LLCs and Operating Agreements

The document that defines how an LLC is to be structured and operated is called an Operating Agreement. It’s a vital document, essentially forming the skeleton of your business.

In a properly-worded Operating Agreement, you can expect to see the following key points, in addition to other administrative functions:

  • Whether the LLC is member-managed, manager-managed or managed by a select group of members
  • Whether or not the LLC chooses to use traditional management titles such as President, Secretary, etc
  • How managers or managing members are appointed or removed
  • The duties and responsibilities of the members or managers
  • Restrictions on ownership and transfer of membership interests
  • How the profits and losses are to be distributed amongst the members
  • What happens in the event of the LLC’s bankruptcy
  • The circumstances under which a member may voluntarily leave the LLC
  • The circumstances under which a member may be bought out by other members, voluntarily or involuntarily
  • How disputes between managers, members or both are resolved
  • The level of control managers have over day-to-day operations of the LLC, and when management actions will require pre-approval by the members
  • How the Operating Agreement may be changed
  • How members may leave and join the LLC
  • When an LLC may ask its members for additional cash or property contributions, and what happens when members cannot or refuse to pay

Not having an Operating Agreement in place for your LLC is a bad idea.

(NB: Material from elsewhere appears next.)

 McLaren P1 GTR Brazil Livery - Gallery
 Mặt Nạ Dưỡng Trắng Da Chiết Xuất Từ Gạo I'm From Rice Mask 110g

The IRS can challenge your business, and your tax deductions. If your LLC gets into trouble and becomes involved in a lawsuit, the other attorney can argue that your LLC is a shell, and shouldn’t give you any asset protection. And if you get into a fight with your partners in the LLC, not having an Operating Agreement can make it a lot harder to break up the assets equally, without a court battle. Look at your corporate records binder. If you don’t have an Operating Agreement, make sure you take care of that as soon as possible!

There are many variables when you’re structuring a business. That’s why it’s hard to go through a quick-service website. Unless you talk to someone who’s got some knowledge and experience on both the tax and the legal side, it’s hard to know what you don’t know. And that can leave you vulnerable.